Entre os intelectuais, sobretudo
juristas, sociólogos e antropólogos, ainda não há consenso acerca
da natureza dos “rolezinhos”, suas causas e prováveis
consequências. Alguns juristas afirmam que os "rolezinhos" caracterizam um abuso de
direito de ir e vir, visto
que um grupo grande de pessoas se vale dessa liberdade para pôr em
risco, ou simplesmente afrontar, a liberdade de ir e vir de outras,
bem assim o direito à propriedade, também virtualmente ameaçado
quando do agendamento dessas reuniões para o espaço dos shopping
centers.
Outros especialistas, sobretudo
sociólogos, entendem que o fenômeno "rolezinho" está associado à
cultura de jovens de periferia, sendo sua proibição uma manifestação
de preconceito para com um grupamento social marcadamente negro e
pobre. Destacam ainda que o “rolezinho” evidencia os muitos
contrastes existentes na sociedade brasileira e que nele estão
presentes questões de classe, bem como questões raciais.
Questão posta e polêmica instaurada,
o certo é que a limitação de direitos fundamentais é tema de
destaque dentro do direito constitucional.

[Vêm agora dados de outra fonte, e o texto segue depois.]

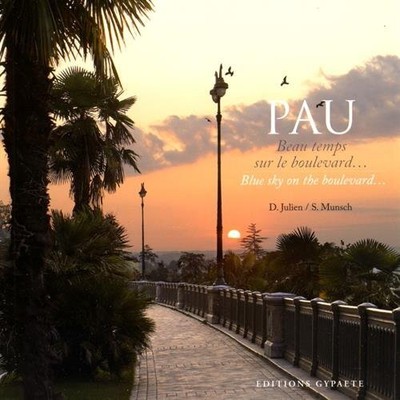 Pau, beau temps sur le boulevard by Julien, Dominique Book The Fast Free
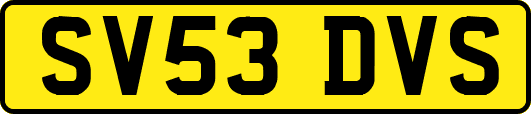 SV53DVS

Assim como devem ser garantidos
todos os direitos individuais, sabe-se também que seus exercícios
muitas vezes podem resultar em conflitos, sobretudo quando há a
colisão de alguns desses direitos.
Desse modo, assim como se costuma
estabelecer um núcleo protegido de direitos, garantindo-se, por
consequência, seu exercício, é normal que sejam fixados limites ou
restrições a esses mesmos direitos. Até aí não há nada de
incomum, afinal sempre haverá um espaço restritivo delimitado pelas
próprias normas.
A Declaração dos Direitos do Homem e
do Cidadão, de 1789, em seu artigo 4º, traz um caso clássico de
restrição legal expressa, ao fixar que “A liberdade consiste em
poder fazer tudo aquilo que não prejudique outrem”. Uma lição
simples e precisa, a qual deveríamos trazer sempre em nossas consciências.

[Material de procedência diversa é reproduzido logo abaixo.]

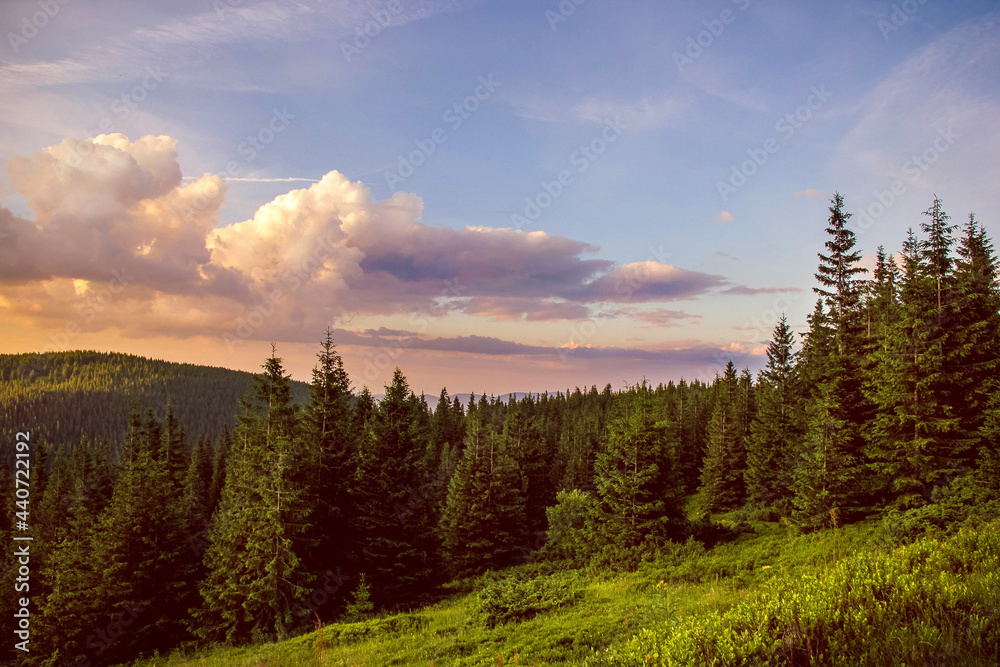 Spruce forest and glade against the background of mountains and cloudy sunset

Assim é que, geralmente, quando um
texto normativo estabelece uma garantia, autoriza, de outro lado, uma
certa restrição. O que não se pode aceitar, por razões óbvias é
a supressão de garantias, principalmente as que tem origem no corpo
da própria Constituição.
'Rolezinho' em shopping de Paulínia, SP. |
Faço tais apontamentos somente para
alertar aqueles que já se apressam em afirmar que a proibição dos
“rolezinhos” no interior dos estabelecimentos comerciais é
absurda e discriminatória.
É importante lembrar que é
necessário aos regimes democráticos equilibrar
(ou compatibilizar),
na medida do possível, os direitos individuais, a fim de se evitar
abusos do exercício desses próprios direitos. Busca-se com isso,
ademais, resolver possíveis conflitos
de direitos, inclusive os individuais, que inevitavelmente acontecem.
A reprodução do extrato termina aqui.